Oh, and should I mention that, after tonight, they have a pair of national titles to boot?
For a program that, just three seasons ago, was known for bowing out of the NCAA tournament earlier than their seed says that they should, Villanova certainly has changed the narrative.
“That’s a testament to the coaching staff, coach Wright and the guys that he recruits,” said Kris Jenkins, another former Wildcats and the owner of the most famous shot in college basketball history.
And it starts with the toughness of the players on this roster.
The Wolverines actually led this game 21-14 midway through the first half and looked like they had a chance to take control.
The turning point came midway through the first half, when Villanova made a tactical adjustment on the defensive end of the floor.
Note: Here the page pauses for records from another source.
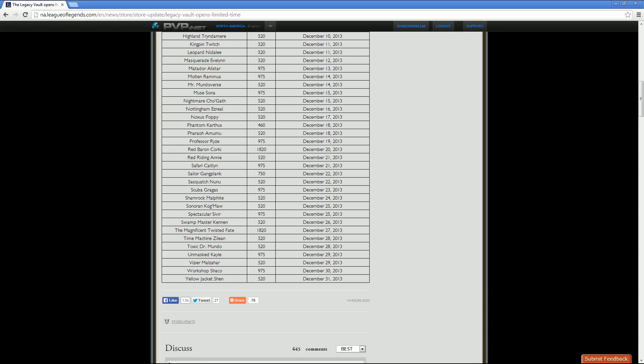Then we have Vizier Malzahar, who is going to be a price point of 520 RP with a half off sale of December 29th. And Vindicator Vayne, which I forgot to mention, that's right above Malzahar, 975 RP. And half off sale for that is going to be December 29th as well. Then we have Workshop Shaco, 975 RP, with a half off sale date of December 30th. And then Yellowjacket Shen, with a price point of 520 RP, and half off sale date of December 31st.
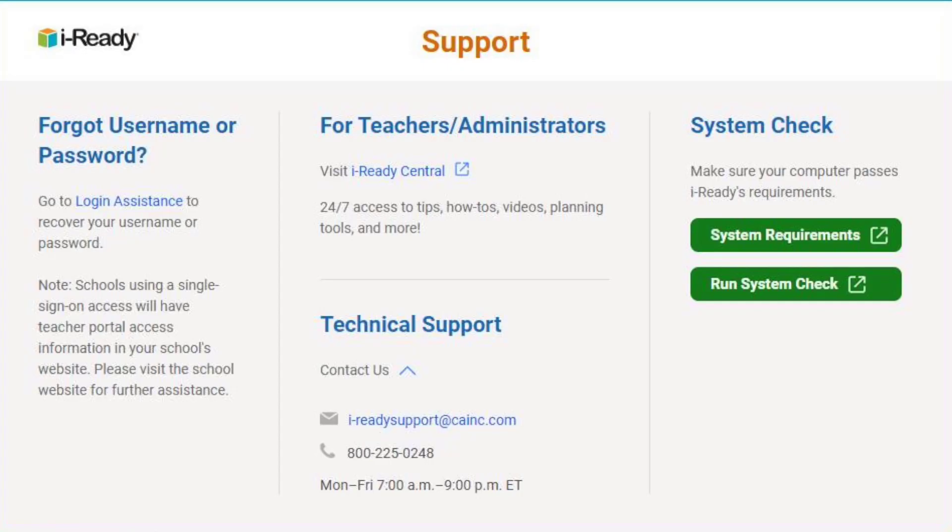Thank you for watching. Don't forget to subscribe to the channel. For additional support information, go to www.i-ready.com/support. There you will find options on how to contact our support team as well as helpful resources such as our system requirements and system check.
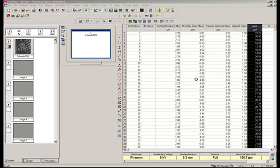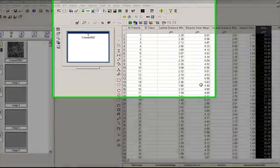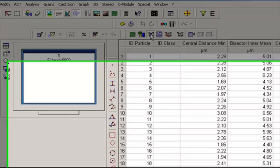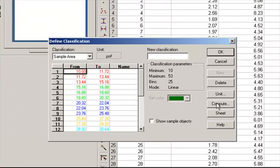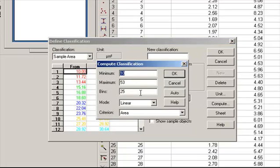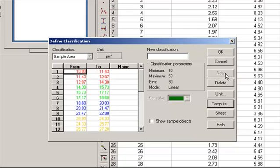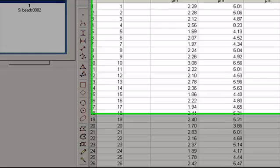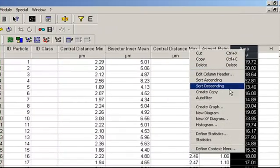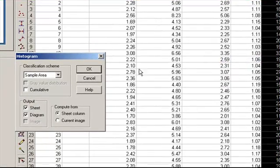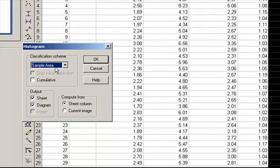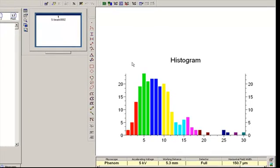To display results graphically in a histogram, go back to the Analysis toolbar, click on the Define Classification icon, then click the Compute icon. In the Compute Classification menu, you can define the number of bins that particles will be grouped into. Arbitrarily picking 30 bins, click the Auto icon and then click OK. Scroll back up to the Area column, right-click on it, scroll down to Histogram, select Sample Area as the classification scheme, and press OK. A histogram will now appear with the specified number of bins.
Having spent the first half of the first half — and, frankly, the majority of the season — switching all exchanges on the defensive end, Jay Wright quickly realized that John Beilein, offensive mastermind that he is, had spent the 48 hours between beating Loyola-Chicago and tipping off against Villanova figuring out a way to beat that defense.
So he changed up.
Instead of switching, Villanova started playing straight man-to-man.
This change coincided with two moments that seemed to spark the Wildcats. With 9:54 left in the half, a loose ball led to a tie-up between Mo Wagner and Phil Booth, and that led to some afters. Wagner bumped Booth. Booth had something to say about it, and it was clear throughout the rest of the game that, whatever Wagner did, the Villanova players were not happy about it. Wagner and Eric Paschall had to be separated during a free throw box-out a few minutes later, and early in the second half both Wagner and Omari Spellman were whistled for double-technicals.
Two minutes after the initial dust-up, Brunson showed more emotion than he’s shown in his entire career, pounding the ball over and over again and gesticulating at the officials as he was complaining about the defense that was being played on him by the perennially-annoying Zavier Simpson.
Whatever the cause was, the result was not good, not for the Wolverines.
They led 21-14 with 10:59 left in the first half.
They trailed 51-33 with 13:54 left in the game.
He scored 11 of Michigan’s first 21 points. He scored five points in the final 31 minutes.
But the story of this game wasn’t Wagner and it wasn’t Michigan.
It was DiVincenzo.
As he has been wont to do during this tournament, DiVincenzo entered a game where Villanova’s offense was somewhere between stagnant and putrid and turned it around. He put up 16 points in the first half of a win over Alabama in the second round where Villanova played like they wanted to get bounced in the first weekend again. He went for 25 points in a seven-point win at St. John’s in January, and 23 a couple weeks later at Marquette. He had a career-high 30 points in a win over Butler, including 20 in the second half, as Villanova erased a halftime deficit at home.
“This is nothing surprising for us,” Brunson said. “I’m just so thankful that he was able to have one of these nights tonight.”
On Saturday, he scored 18 of Villanova’s first 31 points. He scored 13 of those points in a 23-7 surge at the end of the half that turned Michigan’s 21-14 lead into a 37-28 deficit. That wasn’t the only time that he carried Villanova. After Brunson went out with his fourth foul, DiVincenzo scored nine points on the next three possessions, pushing the lead back to 18 points and effectively cutting down the nets as he was torching them.
“Even if we had played our best,” Beilein added, “it would have been very difficult to win that game with what DiVincenzo did. It was an incredible performance. Sometimes those individual performances just beat you, and you just say, ‘OK, we played you the best we could, and tonight, you were better than us.'”
“Hey, man,” Jenkins, a man who knows about moments, told DiVincenzo after the game. “Have yourself a moment, bruh.”